Segundo deputado, antitabagismo favoreceria repetição do colapso soviético; fumo mata por ano 1,2 milhão de chineses

China é maior produtor e consumidor de nicotina; dos viciados, 50 milhões são adolescentes; maço mais barato custa apenas R$ 0,70

JOÃO BATISTA NATALI
DA REPORTAGEM LOCAL

A estabilidade social chinesa estará ameaçada caso o governo tente diminuir o número de fumantes, afirmou ontem o deputado Zhang Baozhen, que é também o vice-presidente do Monopólio Estatal de Tabaco.
Em discurso na sessão anual do Parlamento, ele disse que "fumar faz mal à saúde, mas restringir o consumo de cigarros ameaça a estabilidade social". A seu ver, "os fumantes promoveram distúrbios urbanos quando a ex-União Soviética entrou em colapso, porque eles não conseguiam mais comprar cigarros". Ele acredita que seu país estaria agora exposto ao mesmo perigo.
A China é a maior produtora e consumidora mundial de cigarros, com cerca de 2 trilhões de unidades por ano.
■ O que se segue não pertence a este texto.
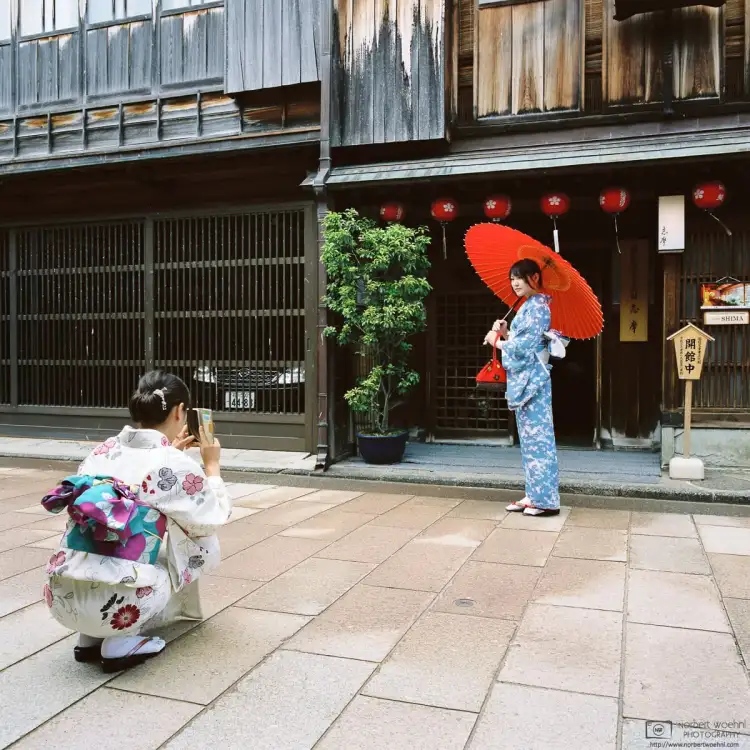 Walking around Higashi Chayagai, a historic district in Kanazawa, Japan, I saw two young women in kimono emerging from one of the old buildings.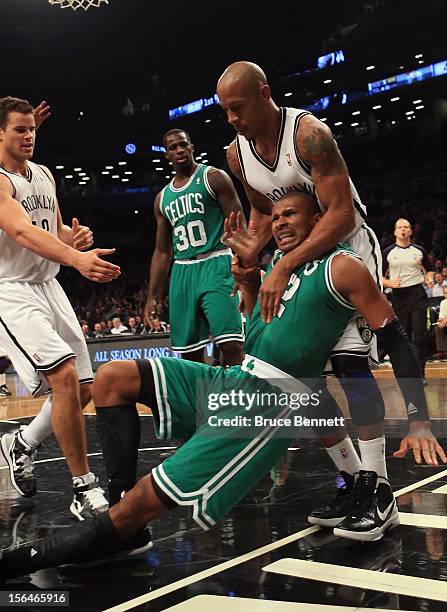 Keith Bogans of the Brooklyn Nets fouls Leandro Barbosa of the Boston Celtics in the second quarter at the Barclays Center on November 15, 2012 in...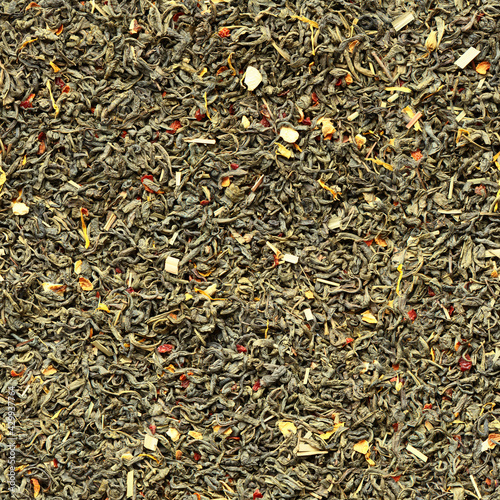 Seamless pattern of green tea leaves with the addition of dry fruits as flavors on a flat surface. Minsk. Belarus.  photo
Uma lei em vigor proíbe que motoristas fumem ao volante, mas ela é soberbamente desrespeitada.

320 milhões de viciados
Segundo a OMS (Organização Mundial da Saúde), há na China 320 milhões de dependentes -um terço dos estimados em todo o mundo. Cerca de 50 milhões de fumantes são adolescentes. Cerca de 1,2 milhão morre anualmente por moléstias derivadas do tabagismo, que era responsável por 12% das mortes de adultos em 2000, e que pode chegar a 33% dentro de 13 anos.
O Partido Comunista Chinês tem procurado conter protestos contra a corrupção, contra acidentes ambientais e também contra o crescente fosso que se abriu entre os mais ricos e os mais pobres. Zhang procurou bater nessa tecla.
Também em Pequim, e numa proposta em sentido oposto, segundo o jornal "Diário do Povo", um dos deputados presentes na sessão do Parlamento - seu nome é Huang Jun - propôs o aumento de impostos como forma de inibir a dependência do fumo. A arrecadação obtida com a cobrança suplementar seria canalizada para programas de tratamentos de moléstias derivadas do tabagismo.
Huang é vice-diretor de uma faculdade de medicina em Jiangsu e, a seu ver, o cigarro matará 2 milhões de chineses em 2025 caso o governo permaneça de braços cruzados.
O jornal chinês em língua inglesa "East Day" diz que a indústria local de tabaco entra com 60% do volume arrecadado com o imposto que equivale ao ICMS brasileiro.
Ou, segundo a OMS, o imposto sobre os cigarros permite uma arrecadação anual de mais ou menos um décimo dos impostos diretos que o governo local cobra dos chineses.
Estudo publicado pelo Centro de Estudos Econômicos da Universidade de Pequim revela que o tratamento por doenças provocadas pelo tabagismo custa cinco vezes mais que o imposto arrecadado.

Fumar é barato
O consumo continua a crescer, mesmo porque se trata de um produto extremamente barato. Um maço de cigarros com 20 unidades sai no varejo por algo a partir de R$ 0,70.
O "East Day" assinala que a existência de um monopólio estatal para o setor é um desestímulo à concorrência, que teria interesse em pesquisar para baixar o teor tóxico do cigarro.
O produto estrangeiro, de mais baixo teor e cuja importação é há três anos possível pelo fato de a China ter ingressado na OMC (Organização Mundial do Comércio), ainda representa uma parcela pequena do consumo interno. As empresas mais agressivas nesse imenso mercado são as americanas, que assim compensam amplamente a queda de suas vendas nos Estados Unidos.
O governo chinês assinou em 2003 o FCTC, sigla de uma convenção da Organização Mundial da Saúde que sinaliza o compromisso de forçar a baixa do consumo de cigarros.
Segundo ainda a OMC, o fumo é hoje a segunda maior causa de mortes no mundo, com 5 milhões de vítimas por ano. Caso o tabagismo se mantenha em seus atuais patamares, o número de óbitos dobrará até 2020.